The way I see it - this perf characteristics are surprising at the very least, so creating an issue is like putting a stick to the ground to tell “We’re aware of this”, and then maybe
- there will be an improvement PR - either someone stumble upon this issue and comes up with an improvement, or I will dig deeper when I have spare time.
- Or we will confirm that in this sort of workload the perf hit is just inherent and there’s nothing fishy going on. And in this case the good outcome would probably be a section in the docs, so that new users at least have awareness.
However, I can also see that this types of issues may be seen as not directly actionable. Which is totally fair. If this is the case for tokio
project - I’d be fine to close the issue.
And in any case, I apologise for the inconvenience if I had missed something about this in the guidelines.

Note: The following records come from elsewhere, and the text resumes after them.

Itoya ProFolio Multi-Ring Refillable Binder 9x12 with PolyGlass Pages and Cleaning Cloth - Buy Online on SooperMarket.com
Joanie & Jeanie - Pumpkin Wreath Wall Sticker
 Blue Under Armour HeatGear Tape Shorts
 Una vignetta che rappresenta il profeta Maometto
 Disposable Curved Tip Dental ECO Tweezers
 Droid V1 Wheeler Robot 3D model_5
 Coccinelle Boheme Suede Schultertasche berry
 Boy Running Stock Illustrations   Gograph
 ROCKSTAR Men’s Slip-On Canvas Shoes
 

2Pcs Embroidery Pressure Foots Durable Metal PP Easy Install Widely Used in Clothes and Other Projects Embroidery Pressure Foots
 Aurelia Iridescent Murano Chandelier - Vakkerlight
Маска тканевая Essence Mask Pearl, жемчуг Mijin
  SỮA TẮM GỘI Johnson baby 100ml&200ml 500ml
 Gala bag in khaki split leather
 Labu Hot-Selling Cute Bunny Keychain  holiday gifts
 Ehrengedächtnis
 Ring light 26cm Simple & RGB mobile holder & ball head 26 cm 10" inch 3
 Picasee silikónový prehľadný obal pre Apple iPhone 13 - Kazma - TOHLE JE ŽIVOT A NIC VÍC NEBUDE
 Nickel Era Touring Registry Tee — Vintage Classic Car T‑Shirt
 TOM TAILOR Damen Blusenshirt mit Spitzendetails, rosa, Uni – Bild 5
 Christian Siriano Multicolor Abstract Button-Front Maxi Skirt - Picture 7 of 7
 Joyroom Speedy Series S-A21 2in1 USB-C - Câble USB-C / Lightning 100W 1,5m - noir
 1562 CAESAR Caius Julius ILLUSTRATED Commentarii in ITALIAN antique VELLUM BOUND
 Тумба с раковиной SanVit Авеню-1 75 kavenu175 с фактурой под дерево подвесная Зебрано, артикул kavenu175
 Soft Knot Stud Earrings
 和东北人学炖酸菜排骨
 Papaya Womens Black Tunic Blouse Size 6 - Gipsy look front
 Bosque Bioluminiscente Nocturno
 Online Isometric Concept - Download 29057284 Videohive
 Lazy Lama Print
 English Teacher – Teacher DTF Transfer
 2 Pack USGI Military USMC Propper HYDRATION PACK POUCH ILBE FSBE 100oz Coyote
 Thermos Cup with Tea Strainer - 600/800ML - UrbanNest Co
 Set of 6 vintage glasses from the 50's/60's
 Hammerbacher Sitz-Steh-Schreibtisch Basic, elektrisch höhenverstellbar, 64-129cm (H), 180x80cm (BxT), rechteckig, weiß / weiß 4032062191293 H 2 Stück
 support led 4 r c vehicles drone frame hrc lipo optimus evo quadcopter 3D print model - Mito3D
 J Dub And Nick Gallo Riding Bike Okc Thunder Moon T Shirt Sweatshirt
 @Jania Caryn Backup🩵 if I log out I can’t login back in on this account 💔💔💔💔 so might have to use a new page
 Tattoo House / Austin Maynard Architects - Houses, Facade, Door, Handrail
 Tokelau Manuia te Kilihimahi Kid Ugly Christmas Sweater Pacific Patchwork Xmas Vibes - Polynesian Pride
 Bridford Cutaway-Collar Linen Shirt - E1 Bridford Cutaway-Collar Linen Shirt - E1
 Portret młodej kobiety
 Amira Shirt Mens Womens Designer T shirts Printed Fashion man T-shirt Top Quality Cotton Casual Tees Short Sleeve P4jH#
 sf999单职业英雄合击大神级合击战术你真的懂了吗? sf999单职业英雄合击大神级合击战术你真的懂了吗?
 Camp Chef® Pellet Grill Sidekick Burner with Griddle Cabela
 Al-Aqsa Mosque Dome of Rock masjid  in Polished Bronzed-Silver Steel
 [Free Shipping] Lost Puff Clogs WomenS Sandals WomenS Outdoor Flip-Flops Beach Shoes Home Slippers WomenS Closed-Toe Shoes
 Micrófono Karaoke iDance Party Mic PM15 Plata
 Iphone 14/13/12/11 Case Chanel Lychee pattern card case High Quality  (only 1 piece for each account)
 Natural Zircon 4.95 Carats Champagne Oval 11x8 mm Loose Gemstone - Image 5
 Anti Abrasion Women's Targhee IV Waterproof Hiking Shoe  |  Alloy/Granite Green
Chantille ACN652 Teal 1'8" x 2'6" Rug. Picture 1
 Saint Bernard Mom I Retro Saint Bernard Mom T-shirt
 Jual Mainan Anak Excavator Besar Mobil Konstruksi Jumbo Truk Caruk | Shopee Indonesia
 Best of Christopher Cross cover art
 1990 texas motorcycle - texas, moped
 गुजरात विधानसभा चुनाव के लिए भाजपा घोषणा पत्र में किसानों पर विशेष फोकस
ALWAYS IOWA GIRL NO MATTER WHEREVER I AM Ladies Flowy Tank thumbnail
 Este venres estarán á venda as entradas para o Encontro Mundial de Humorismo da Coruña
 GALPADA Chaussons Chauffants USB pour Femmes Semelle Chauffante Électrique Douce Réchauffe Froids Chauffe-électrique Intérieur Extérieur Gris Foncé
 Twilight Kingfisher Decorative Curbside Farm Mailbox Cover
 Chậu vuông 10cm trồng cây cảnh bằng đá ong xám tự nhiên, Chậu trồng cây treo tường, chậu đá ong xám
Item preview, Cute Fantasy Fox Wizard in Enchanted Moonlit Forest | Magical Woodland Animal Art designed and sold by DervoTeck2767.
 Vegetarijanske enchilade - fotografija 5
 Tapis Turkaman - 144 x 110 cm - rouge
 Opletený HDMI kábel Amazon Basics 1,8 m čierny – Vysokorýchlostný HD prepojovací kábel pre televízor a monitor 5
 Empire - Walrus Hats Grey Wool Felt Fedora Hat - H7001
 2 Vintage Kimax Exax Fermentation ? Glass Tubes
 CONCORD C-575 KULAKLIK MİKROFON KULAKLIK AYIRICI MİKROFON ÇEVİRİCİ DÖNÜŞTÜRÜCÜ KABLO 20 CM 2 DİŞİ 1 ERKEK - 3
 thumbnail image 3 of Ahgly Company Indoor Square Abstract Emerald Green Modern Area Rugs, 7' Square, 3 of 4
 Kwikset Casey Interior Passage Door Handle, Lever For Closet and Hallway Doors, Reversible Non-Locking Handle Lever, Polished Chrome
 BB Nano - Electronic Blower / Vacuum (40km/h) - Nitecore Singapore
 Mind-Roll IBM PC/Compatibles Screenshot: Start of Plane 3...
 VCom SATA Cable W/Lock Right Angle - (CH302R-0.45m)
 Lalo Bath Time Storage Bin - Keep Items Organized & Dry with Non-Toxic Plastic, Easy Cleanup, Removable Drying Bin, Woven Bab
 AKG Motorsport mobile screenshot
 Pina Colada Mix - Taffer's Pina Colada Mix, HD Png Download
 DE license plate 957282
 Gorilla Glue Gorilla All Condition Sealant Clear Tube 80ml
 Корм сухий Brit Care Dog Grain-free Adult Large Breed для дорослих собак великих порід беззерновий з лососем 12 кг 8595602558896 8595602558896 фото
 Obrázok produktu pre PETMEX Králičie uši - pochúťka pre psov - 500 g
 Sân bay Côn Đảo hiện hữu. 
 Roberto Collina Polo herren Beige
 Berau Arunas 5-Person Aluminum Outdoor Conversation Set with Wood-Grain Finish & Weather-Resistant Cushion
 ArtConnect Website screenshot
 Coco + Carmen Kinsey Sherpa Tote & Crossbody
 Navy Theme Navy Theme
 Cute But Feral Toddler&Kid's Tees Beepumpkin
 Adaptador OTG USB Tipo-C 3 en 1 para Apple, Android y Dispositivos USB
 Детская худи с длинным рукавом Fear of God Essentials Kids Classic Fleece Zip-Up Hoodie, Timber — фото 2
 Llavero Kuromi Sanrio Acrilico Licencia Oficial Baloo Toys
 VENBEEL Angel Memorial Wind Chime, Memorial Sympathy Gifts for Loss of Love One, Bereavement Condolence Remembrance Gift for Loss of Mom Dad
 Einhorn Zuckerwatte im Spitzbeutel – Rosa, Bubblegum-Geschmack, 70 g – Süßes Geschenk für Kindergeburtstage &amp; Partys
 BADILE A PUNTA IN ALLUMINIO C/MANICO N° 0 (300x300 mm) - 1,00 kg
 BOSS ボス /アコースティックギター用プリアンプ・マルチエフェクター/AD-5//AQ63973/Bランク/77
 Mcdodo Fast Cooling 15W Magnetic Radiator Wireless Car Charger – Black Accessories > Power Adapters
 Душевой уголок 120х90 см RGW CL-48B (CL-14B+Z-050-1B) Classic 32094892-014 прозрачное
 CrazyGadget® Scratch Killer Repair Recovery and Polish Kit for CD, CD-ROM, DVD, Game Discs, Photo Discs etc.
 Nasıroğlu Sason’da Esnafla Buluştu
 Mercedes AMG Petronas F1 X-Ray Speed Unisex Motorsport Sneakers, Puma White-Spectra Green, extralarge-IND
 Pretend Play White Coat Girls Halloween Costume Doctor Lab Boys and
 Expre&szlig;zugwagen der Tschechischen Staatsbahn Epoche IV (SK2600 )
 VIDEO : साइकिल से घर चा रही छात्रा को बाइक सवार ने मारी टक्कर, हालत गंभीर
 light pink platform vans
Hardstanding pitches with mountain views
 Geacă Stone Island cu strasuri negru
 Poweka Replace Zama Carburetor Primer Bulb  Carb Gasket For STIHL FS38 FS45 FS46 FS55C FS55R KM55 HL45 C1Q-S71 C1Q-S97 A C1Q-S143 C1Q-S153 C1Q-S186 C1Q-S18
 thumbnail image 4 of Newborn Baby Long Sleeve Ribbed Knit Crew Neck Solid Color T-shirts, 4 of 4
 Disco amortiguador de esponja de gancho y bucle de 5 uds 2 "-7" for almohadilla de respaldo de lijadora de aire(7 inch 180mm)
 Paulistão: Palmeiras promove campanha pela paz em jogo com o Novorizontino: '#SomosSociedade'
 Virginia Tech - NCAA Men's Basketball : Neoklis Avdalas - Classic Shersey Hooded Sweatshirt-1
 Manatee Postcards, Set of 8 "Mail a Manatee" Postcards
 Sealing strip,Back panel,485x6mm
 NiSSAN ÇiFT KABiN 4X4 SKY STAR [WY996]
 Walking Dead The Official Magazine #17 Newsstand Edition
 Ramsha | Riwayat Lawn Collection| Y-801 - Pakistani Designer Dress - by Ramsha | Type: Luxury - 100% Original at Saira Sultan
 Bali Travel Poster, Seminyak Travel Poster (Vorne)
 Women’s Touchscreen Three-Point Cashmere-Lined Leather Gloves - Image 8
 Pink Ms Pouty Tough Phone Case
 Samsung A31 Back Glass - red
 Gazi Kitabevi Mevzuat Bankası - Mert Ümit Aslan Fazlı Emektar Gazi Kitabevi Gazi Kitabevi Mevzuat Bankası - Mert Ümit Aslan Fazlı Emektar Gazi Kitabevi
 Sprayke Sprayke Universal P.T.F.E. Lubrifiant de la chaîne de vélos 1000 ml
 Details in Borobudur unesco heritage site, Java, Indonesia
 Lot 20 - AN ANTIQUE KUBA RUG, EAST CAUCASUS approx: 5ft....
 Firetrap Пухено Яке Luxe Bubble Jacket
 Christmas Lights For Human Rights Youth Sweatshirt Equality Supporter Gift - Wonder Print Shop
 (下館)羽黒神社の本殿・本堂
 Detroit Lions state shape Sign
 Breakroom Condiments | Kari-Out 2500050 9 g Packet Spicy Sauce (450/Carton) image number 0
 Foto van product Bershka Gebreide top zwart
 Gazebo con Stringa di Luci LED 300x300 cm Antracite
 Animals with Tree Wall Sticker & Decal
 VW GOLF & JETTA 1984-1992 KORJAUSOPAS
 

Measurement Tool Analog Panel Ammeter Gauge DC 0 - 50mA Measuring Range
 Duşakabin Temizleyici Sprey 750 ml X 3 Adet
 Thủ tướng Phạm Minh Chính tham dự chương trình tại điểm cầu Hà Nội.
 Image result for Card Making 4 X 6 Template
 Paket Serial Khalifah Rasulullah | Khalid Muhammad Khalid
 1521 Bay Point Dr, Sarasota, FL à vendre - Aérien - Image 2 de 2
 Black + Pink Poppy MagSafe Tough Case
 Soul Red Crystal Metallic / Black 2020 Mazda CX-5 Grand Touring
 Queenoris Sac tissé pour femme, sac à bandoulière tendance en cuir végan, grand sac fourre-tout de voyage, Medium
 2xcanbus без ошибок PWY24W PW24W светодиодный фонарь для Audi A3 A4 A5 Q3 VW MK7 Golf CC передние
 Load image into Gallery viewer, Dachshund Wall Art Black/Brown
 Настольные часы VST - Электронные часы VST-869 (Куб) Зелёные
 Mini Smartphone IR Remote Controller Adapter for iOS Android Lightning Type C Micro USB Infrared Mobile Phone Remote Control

Updated benchmarks https://github.com/artempyanykh/rdu:
- Same machine, same set of files.
- Ran on Native Linux, WSL2, and Native Windows;
- On Linux with warm and cold disk cache:
On Windows perf. profile is very different from Linux; naive async version is ~2.2x slower which is kind of acceptable. On native Linux with warm disk cache naive async version is 9x slower, and on WSL2 it's 55x slower.
This is referred to in this talk Java and Rust by Yishai Galatzer. They used Tokio async fs operations (on a benchmark) and compared that with Java NIO.
IMO, it unfairly pitches Rust as being too slow compared to Java, which is of course not really true.